Read A Land to Call Home Online
Authors: Lauraine Snelling
“Okay, now I’m ready to watch you play.” Hjelmer leaned to the man on his right. “Okay if I watch your cards?”
Leif stepped outside, presumably for fresh air. Hjelmer could hear him coughing. “Sad the smoke bothers him so much. He might like to have sat in too.” Was it “heaven preserve us” he heard from off to his left?
“Play!” Red snapped.
The game proceeded with the drinking man finally raking in the pot.
Hjelmer started to ask a question halfway through the hand, but the look on Red’s face said he’d better not.
“You get to keep
all that?”
The grin failed to reach the man’s eyes.
“I think I like this game. Pass me some cards.”
Red now wore a pained expression. “We say ‘deal me in.’ ”
“Oh.” Hjelmer wanted to look over at Leif, who’d returned to the card party, but he knew he couldn’t keep a straight face if he did.
“No! Don’t touch that card till they’re all dealt.” Only a whip in an expert hand cracked with the precision of Red’s command.
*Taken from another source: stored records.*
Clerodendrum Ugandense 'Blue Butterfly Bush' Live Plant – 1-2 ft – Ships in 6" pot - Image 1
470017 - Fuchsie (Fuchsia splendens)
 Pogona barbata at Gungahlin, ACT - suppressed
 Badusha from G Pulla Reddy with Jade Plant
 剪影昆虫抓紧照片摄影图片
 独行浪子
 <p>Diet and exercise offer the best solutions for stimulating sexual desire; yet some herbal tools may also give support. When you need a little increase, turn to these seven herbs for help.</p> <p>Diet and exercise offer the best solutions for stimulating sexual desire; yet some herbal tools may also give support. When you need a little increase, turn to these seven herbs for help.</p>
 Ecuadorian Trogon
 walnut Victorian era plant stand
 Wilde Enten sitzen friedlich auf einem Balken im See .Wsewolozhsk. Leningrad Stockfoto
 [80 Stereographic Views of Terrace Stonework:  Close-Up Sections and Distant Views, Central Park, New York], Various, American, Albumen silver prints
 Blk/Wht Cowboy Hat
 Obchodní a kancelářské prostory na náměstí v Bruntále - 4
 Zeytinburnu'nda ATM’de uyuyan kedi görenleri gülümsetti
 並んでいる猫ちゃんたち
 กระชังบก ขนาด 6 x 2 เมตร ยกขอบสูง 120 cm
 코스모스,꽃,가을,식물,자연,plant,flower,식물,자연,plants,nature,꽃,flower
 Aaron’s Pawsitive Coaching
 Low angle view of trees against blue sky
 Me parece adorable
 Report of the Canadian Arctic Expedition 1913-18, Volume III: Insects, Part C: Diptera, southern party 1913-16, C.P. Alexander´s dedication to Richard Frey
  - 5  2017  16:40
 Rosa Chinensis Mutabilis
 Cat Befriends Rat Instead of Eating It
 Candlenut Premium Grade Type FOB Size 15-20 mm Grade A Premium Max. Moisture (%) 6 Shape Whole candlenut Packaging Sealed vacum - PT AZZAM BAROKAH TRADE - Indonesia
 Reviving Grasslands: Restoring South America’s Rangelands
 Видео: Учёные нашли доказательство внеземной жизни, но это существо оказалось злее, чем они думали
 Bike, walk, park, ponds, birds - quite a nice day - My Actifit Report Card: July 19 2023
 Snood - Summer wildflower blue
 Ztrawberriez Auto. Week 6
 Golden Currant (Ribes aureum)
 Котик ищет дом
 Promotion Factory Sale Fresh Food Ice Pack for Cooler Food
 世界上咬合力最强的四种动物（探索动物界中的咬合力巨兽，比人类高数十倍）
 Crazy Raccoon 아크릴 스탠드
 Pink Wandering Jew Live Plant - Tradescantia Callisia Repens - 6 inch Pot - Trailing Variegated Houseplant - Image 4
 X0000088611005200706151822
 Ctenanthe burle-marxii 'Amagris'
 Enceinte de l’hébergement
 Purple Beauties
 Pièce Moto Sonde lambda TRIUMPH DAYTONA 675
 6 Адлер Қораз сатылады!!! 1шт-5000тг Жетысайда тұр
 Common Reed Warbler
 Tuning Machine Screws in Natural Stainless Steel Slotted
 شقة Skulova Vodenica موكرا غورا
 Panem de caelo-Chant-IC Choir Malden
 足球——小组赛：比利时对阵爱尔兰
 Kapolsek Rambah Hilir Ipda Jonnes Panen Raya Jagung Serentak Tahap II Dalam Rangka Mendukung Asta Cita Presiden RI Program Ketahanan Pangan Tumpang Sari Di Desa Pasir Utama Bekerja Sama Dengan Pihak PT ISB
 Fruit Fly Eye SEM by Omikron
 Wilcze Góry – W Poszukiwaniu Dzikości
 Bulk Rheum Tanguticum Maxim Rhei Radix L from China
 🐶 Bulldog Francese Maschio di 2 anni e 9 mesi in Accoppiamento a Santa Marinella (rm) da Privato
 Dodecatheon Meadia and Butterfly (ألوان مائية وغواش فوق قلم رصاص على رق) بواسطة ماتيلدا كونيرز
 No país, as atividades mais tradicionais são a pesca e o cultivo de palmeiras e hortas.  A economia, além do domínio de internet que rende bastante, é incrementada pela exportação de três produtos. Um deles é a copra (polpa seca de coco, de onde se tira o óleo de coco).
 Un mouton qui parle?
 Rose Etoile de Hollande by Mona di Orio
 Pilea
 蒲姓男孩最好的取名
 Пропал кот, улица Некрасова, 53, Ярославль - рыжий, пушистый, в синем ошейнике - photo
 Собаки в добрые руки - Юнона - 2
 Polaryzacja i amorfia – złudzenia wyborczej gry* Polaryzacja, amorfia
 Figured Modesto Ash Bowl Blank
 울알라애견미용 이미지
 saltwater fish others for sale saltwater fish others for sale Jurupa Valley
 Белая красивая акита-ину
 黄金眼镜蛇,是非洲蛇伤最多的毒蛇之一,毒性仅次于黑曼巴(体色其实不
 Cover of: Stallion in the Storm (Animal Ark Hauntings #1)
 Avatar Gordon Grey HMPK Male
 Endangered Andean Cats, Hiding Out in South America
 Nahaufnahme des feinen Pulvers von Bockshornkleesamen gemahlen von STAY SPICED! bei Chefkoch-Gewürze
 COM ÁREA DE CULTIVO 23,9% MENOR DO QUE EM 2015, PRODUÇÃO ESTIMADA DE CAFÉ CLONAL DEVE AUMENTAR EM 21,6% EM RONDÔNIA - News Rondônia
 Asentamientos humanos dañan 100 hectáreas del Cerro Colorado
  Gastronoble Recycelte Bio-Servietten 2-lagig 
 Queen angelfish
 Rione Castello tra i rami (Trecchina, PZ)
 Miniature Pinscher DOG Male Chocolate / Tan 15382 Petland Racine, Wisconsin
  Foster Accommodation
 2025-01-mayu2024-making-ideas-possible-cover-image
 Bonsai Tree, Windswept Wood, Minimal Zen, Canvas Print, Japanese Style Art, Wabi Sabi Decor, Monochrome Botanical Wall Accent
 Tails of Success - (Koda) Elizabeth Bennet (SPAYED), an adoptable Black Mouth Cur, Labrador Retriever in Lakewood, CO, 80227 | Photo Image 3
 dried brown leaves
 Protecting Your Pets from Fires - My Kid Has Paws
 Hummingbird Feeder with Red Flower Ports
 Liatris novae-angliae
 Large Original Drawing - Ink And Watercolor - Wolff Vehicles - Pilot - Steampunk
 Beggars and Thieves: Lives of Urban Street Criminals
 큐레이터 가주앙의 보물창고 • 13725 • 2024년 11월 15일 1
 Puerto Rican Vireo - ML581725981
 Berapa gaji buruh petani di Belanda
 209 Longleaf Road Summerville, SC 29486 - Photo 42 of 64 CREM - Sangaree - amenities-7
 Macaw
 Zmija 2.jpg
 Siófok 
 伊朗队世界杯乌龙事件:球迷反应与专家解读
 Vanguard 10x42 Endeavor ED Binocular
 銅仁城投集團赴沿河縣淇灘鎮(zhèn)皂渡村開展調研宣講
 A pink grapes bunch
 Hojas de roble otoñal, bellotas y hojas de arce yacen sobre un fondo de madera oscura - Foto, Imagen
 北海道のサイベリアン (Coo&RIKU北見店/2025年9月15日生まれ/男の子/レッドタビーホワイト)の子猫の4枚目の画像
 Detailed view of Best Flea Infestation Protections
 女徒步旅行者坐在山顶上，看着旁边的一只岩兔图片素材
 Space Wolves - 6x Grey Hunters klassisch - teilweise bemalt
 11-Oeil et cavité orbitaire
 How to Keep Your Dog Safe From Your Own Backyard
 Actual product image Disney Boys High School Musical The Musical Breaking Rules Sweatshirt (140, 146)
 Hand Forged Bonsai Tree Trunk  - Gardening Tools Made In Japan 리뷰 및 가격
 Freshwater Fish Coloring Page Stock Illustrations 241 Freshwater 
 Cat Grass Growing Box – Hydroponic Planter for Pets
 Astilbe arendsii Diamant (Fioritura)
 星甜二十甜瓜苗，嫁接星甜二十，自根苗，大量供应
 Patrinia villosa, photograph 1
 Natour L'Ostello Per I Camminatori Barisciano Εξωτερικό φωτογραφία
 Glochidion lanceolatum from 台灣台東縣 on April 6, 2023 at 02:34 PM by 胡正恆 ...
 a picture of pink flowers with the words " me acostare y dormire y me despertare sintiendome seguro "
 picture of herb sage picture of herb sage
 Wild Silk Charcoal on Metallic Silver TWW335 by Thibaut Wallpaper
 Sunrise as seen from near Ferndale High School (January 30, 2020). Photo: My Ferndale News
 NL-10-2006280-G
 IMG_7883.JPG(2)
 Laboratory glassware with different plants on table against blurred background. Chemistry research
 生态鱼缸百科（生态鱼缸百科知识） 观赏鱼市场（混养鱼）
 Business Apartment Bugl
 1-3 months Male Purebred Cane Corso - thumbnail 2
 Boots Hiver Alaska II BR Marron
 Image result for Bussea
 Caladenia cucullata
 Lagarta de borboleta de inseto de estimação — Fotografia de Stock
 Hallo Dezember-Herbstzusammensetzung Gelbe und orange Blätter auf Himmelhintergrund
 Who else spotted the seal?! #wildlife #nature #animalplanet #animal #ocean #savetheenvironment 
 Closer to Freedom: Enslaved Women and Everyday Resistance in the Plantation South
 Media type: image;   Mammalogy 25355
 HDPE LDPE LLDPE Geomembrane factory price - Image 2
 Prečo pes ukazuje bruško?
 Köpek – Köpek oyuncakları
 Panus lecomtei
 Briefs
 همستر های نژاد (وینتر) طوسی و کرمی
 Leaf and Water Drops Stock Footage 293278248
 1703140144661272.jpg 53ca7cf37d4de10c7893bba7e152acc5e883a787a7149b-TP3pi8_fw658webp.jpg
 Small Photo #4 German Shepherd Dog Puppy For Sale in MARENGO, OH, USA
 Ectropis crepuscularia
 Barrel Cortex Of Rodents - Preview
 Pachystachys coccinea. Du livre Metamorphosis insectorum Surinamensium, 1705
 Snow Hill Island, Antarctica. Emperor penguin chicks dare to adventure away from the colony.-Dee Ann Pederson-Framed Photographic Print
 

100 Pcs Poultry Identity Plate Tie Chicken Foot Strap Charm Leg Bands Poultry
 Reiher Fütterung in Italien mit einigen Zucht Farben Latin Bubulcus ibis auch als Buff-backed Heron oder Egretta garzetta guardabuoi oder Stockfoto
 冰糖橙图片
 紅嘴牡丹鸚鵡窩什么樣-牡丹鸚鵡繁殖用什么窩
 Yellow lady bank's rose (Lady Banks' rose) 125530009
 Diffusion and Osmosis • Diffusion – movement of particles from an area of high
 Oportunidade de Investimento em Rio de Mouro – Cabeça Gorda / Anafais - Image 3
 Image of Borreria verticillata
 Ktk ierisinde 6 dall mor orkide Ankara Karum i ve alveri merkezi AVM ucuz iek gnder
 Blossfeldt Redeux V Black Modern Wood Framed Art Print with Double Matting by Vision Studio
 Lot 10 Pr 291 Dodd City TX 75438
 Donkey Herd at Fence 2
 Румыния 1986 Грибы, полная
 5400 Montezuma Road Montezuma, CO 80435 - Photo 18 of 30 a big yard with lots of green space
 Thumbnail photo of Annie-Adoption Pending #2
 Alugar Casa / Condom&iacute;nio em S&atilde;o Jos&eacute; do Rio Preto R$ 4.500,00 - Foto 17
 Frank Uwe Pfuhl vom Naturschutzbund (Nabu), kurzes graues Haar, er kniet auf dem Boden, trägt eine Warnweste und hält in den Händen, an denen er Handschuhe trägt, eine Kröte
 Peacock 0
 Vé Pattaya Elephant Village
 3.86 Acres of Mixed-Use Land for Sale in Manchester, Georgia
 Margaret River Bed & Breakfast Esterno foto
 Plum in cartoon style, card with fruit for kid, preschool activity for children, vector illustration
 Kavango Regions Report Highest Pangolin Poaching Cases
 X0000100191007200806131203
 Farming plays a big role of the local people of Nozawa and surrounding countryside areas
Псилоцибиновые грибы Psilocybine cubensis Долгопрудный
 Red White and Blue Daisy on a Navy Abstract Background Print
Hjelmer withdrew his hand. When the other players picked up their cards, he followed suit. Trying to put them in some kind of order, he dropped one and it floated to the floor face up. When he leaned over to pick it up, he fumbled with it. “It’s stuck to the floor. Ah, there, I got it,” he said, sitting back up and splashing a goofy grin on his face. “Now what?”
“We bid.”
Hjelmer studied the paper beside his right hand. “Now, let’s see, those two match and . . .” He leaned closer to the man beside him, showed him his hand, and asked, “Would you bid on that?”
“You can.” The man edged his hand away so Hjelmer couldn’t see the cards.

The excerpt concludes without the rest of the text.